Pareva che anche la bella signora ridesse garbatamente della grande paura di lui.
- Quel povero animale! - riprese il dottore, come cercando un pretesto. - Bisogna che io vada via... I miei ammalati...
- Ah! il muletto! - esclamò il giovane, ricordandosi.
E chiamò il servitore, che rispose di averlo ricondotto a casa del dottore, da un pezzo.
- Non vuol dire, andrò a piedi -.
Ma ce ne volle, prima che lo lasciassero partire. Dovette quasi lottare per farli persuasi che non avrebbe mai accettato un compenso.
- Questo ricordo, almeno! - insistette lo sconosciuto, mostrando uno spillo elegantissimo tolto dalla propria cravatta, e che volle appuntargli alla cravatta con le sue stesse mani, fra le piú calde proteste di immensa riconoscenza, di eterna gratitudine...

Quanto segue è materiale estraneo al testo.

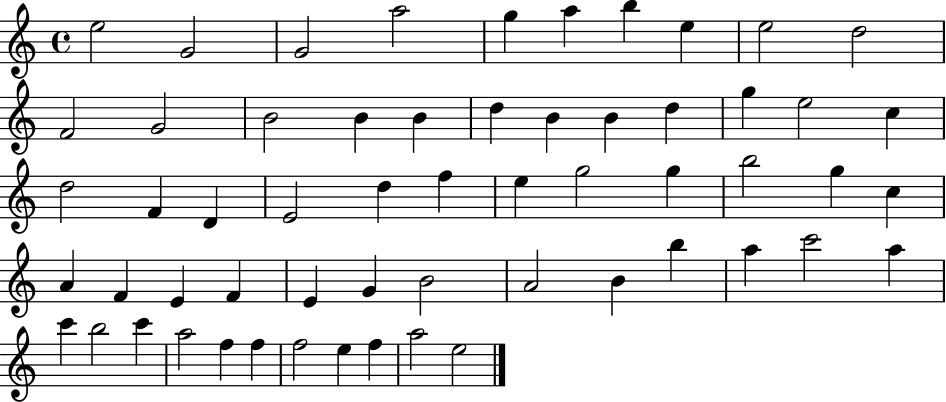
E5/h G4/h G4/h A5/h G5/q A5/q B5/q E5/q E5/h D5/h F4/h G4/h B4/h B4/q B4/q D5/q B4/q B4/q D5/q G5/q E5/h C5/q D5/h F4/q D4/q E4/h D5/q F5/q E5/q G5/h G5/q B5/h G5/q C5/q A4/q F4/q E4/q F4/q E4/q G4/q B4/h A4/h B4/q B5/q A5/q C6/h A5/q C6/q B5/h C6/q A5/h F5/q F5/q F5/h E5/q F5/q A5/h E5/h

- Noi partiremo domani l'altro, ma non dimenticheremo mai il nostro salvatore, mai, mai! -
- Dottore, la prego, non dica niente a nessuno di quanto ha veduto.
- Si figuri, anche pel segreto professionale! -
E, piú che scendere, ruzzolò le scale. Al portone trasse un gran respiro.
Nella via, trovò ancora la gente, che la lotta fra il muletto e il servitore aveva radunata. Gli raccontarono l'accaduto.
Il dottore, prima d'entrare in casa, volle visitarlo nella stalla. Gli si accostò, lo accarezzò, lo palpò: ma l'animale, mostrando di tenergli il broncio, non si voltò neppure, e continuò a masticar paglia, come se il padrone non parlasse con esso.
Muletto vendicativo! Da quel giorno in poi non ragliò piú mai.